5.1. Interpretation of Key Findings
The most striking finding is the consistent negative and statistically significant relationship between the overall ESG_score and Excess_Return_Firm in the panel data models. This contradicts a commonly held belief of a universally positive ESG-CFP link, yet it aligns with some recent sector-specific empirical evidence, such as Matsali et al. [
13] in tourism services and Buniakova [
22] in IT services, both finding negative or no correlation. It is also consistent with the "trade-off hypothesis" explored by Erol et al. [
2] for environmental policies, where environmental investments might incur significant financial costs. Possible explanations for this negative relationship, especially within this specific sample of "Commercial Services & Supplies" firms, include: (1) Cost of ESG Implementation: Service firms might be incurring significant short-to-medium term costs for ESG initiatives (e.g., green technologies, labor improvements, enhanced reporting) that are not yet offset by financial benefits or market appreciation. This is supported by Erol et al. [
2], who found environmental policies for REITs involve high financial costs. (2) Market Inefficiency or Overvaluation: It is possible that the market in this specific sector or period does not adequately reward ESG performance, or that firms with higher ESG scores are already overvalued, leading to lower subsequent excess returns. (3) Sample Specificity: Given the very small sample of 14 firms, these results may be highly specific and not broadly generalizable. The broad category of "Commercial Services & Supplies" might also mask heterogeneous impacts. The lack of significance of decomposed ESG factors in the fixed effects model suggests that the aggregate ESG score might capture a broader effect, or that individual components have non-linear or interacting effects not fully captured by the linear models. This contrasts with Yin et al. [
1] and Kong et al. [
14], who found positive ESG-CFP links, often with mediating factors like innovation, indicating differing market contexts (e.g., China vs. global tech leaders).
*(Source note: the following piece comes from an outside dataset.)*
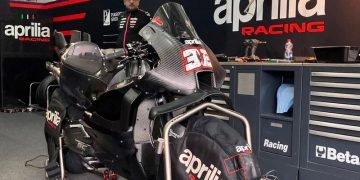 Tahun depan, pembalap MotoGP tak lagi punya dua motor di garasi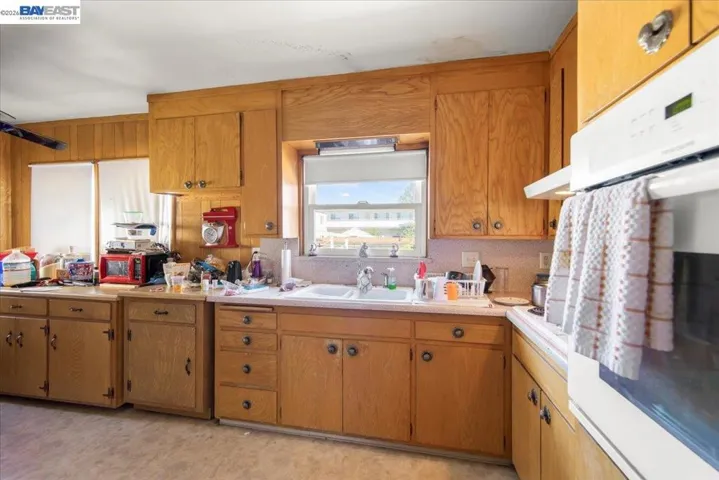 22071 Montgomery St, Hayward, California 94541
The significant and positive coefficients for SMB, RMW, WML, and FF_HML_CMA_PC1 (a combination of value and investment factors) align with established Asset Pricing Theory [
31]. This indicates that small-cap service firms, those with robust profitability, those exhibiting strong momentum, and those with value characteristics coupled with conservative investment strategies, tend to generate higher excess returns. This confirms that these traditional market factors remain fundamental drivers of firm performance in the service sector, consistent with studies like Onomakpo [
29], which also found firm size to be consistently significant in EV manufacturing. These factors provide systematic explanations for return differentials beyond simply market exposure.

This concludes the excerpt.